::: The records
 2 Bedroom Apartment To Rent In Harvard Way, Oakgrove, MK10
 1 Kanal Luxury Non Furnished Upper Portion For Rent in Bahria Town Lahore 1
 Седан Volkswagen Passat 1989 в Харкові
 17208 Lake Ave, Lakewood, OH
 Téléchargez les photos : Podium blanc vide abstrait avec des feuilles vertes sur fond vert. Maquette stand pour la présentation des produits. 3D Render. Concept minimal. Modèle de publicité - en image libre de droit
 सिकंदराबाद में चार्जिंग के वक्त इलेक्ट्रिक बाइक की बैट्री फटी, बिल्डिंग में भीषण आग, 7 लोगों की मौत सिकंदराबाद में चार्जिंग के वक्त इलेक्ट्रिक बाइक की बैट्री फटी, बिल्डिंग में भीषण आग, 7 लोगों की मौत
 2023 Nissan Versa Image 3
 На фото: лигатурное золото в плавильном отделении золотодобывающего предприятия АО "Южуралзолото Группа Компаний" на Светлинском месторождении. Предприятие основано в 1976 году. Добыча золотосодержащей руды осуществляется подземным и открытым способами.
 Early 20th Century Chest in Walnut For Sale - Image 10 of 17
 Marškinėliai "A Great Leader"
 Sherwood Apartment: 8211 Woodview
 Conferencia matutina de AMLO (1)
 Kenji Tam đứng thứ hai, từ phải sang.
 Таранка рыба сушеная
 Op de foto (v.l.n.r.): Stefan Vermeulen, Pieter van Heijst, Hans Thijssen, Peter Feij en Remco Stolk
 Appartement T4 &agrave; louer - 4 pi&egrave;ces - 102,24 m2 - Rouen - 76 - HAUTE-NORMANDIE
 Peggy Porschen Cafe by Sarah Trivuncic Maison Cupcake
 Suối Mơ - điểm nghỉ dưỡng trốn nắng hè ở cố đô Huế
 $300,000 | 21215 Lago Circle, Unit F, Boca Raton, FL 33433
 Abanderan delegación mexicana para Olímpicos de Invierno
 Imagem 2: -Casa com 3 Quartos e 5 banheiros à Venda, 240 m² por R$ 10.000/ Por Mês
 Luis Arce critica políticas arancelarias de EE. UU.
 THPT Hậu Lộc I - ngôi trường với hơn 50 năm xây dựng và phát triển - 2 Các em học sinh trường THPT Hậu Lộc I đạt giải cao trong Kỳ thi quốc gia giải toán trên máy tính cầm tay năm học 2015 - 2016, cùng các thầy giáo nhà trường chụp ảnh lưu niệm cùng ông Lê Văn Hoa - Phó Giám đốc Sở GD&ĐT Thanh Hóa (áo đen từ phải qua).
::::::
Give only the lines from the one holding "Conferencia matutina de AMLO (1)" through the one holding "Peggy Porschen Cafe", each restated exactly as it appears above.

- _Exercise response_:
 Conferencia matutina de AMLO (1)
 Kenji Tam đứng thứ hai, từ phải sang.
 Таранка рыба сушеная
 Op de foto (v.l.n.r.): Stefan Vermeulen, Pieter van Heijst, Hans Thijssen, Peter Feij en Remco Stolk
 Appartement T4 &agrave; louer - 4 pi&egrave;ces - 102,24 m2 - Rouen - 76 - HAUTE-NORMANDIE
 Peggy Porschen Cafe by Sarah Trivuncic Maison Cupcake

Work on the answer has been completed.